WAF six-stage hardening pass¶
Motivation¶
The dashboard already had two performance-focused hardening batches in flight. This pass reviewed the same working tree against a six-stage Well-Architected Framework lens: reliability, security, cost optimization, operational excellence, performance efficiency, and sustainability/efficiency. The goal was to improve resilience and operator safety without changing user-facing features, API schemas, or deployment topology.
User-facing change¶
No feature behaviour changes. Misconfigured environments now fail earlier with clearer errors, high-volume buffers have stronger caps, and operational logs are more useful when shutdown or cache paths misbehave.
Six-stage critique and hardening summary¶
- Reliability
- Capped Redis wait attempts so extreme
REDIS_WAIT_TIMEOUTvalues cannot produce unbounded startup log spam. - Added tunable Storage health-probe cache TTLs and explicit cache-reset logging.
- Added Celery timeout ordering validation so hard timeouts cannot fire before soft timeouts.
-
Added a lower-bound guard for NCBI preview HTTP timeout.
-
Security
- Added a 100 MiB startup guard for
MAX_REQUEST_BODY_BYTES. - Added a lower-bound guard for
OPENAPI_RATE_LIMIT_MAX_KEYS. - Added an upper-bound guard for terminal
EXEC_TOKENsize. -
Bounded the JWKS cache tenant count and logged single-flight wait expiry.
-
Cost Optimization
- Added a Celery result-backend TTL upper bound to protect Redis memory.
- Documented Storage artifact snapshot byte caps as cost controls.
-
Preserved the previously added Storage/result listing caps and Docker build context exclusions.
-
Operational Excellence
- Added stack traces to app shutdown debug/warning paths.
- Improved
postprovision.shrequired-env failure guidance. -
Kept request-detail capture opt-in and documented correlation behaviour in the middleware header.
-
Performance Efficiency
- Made BLAST log SSE queue size tunable.
- Made Storage probe TTLs tunable for probe amplification control.
-
Bounded UI animation event retention with a hard cap.
-
Sustainability / Efficiency
- Expanded terminal
.dockerignoreto shrink build contexts. - Kept terminal toolchain versions pinned and included in the base-image content hash so rebuilds happen only when inputs change.
Concrete improvement inventory (20)¶
REDIS_WAIT_MAX_ATTEMPTSbounds Redis startup wait attempts.- Redis startup fatal logs now include the number of attempts.
- Storage probe OK TTL is configurable by environment.
- Storage probe degraded TTL is configurable by environment.
- Storage probe cache resets emit a log line.

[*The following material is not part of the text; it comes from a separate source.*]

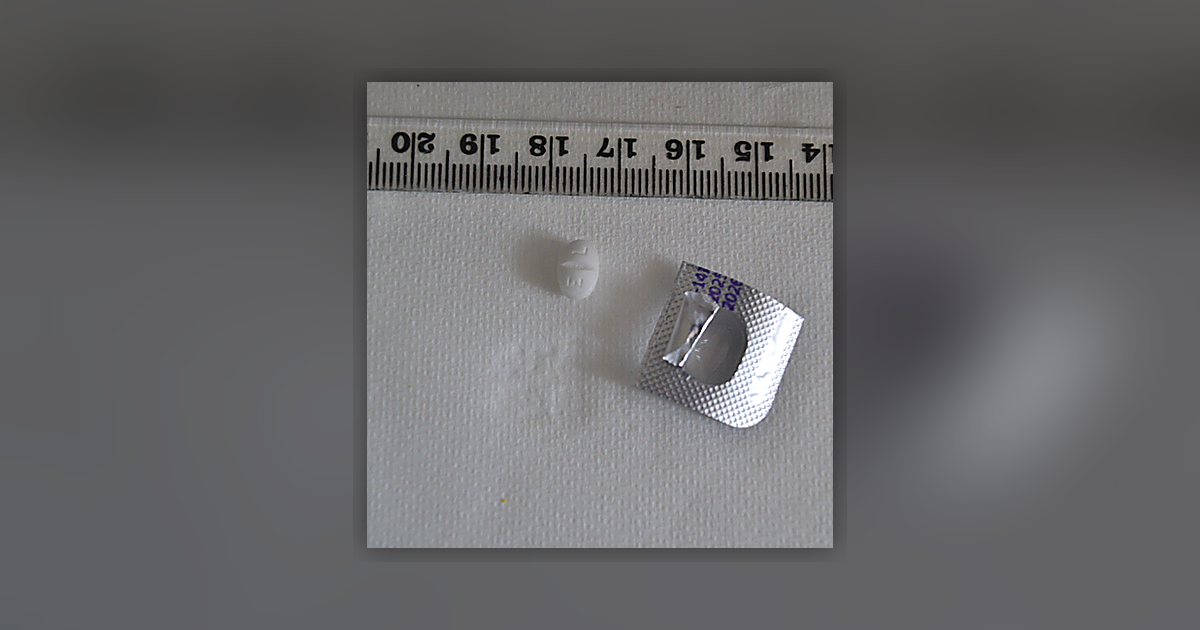 Zopisign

- Celery soft/hard task timeout ordering is validated at startup.
- NCBI preview HTTP timeout has a safe lower bound.
- Request body hard cap has a 100 MiB startup guard.
- OpenAPI rate-limit key capacity has a safe lower bound.
- Terminal exec shared token has a maximum length guard.
- JWKS tenant cache has a maximum size.
- JWKS single-flight wait expiry is logged.
- Celery result-backend TTL has a 2-hour upper bound.
- UI event retention has a hard cap even if env is oversized.
- Job artifact byte caps are documented as Storage cost controls.
- App shutdown paths include stack traces in debug/warning logs.
- Request ID correlation contract is documented in middleware.
postprovision.shexplains how to recover missing azd env values.- BLAST log SSE queue size is environment-tunable with a safe floor.
- Terminal build context excludes more generated/cache artifacts.
API / IaC diff¶
No API schema changes and no Bicep changes in this WAF pass. Changes are limited to runtime guardrails, environment validation, logging, Docker ignore metadata, and documentation.
Validation evidence¶
uv run pytest -q api/tests/test_smoke.py api/tests/test_request_metrics_detail.py api/tests/test_openapi_rate_limit.py api/tests/test_storage_data.py api/tests/test_me_route.py— 129 passed.uv run pytest -q api/tests— 1374 passed.- Focused
uv run ruff checkon touched Python files — clean. cd web && npm run build— passed.az bicep build --file infra/main.bicep --stdout >/tmp/elb-main-bicep-build.json— passed with only the Azure CLI Bicep version-upgrade warning.bash -n scripts/dev/postprovision.sh scripts/dev/quick-deploy.sh scripts/dev/terminal-base-image.sh scripts/dev/acr-build-access.sh— passed.git diff --check— clean.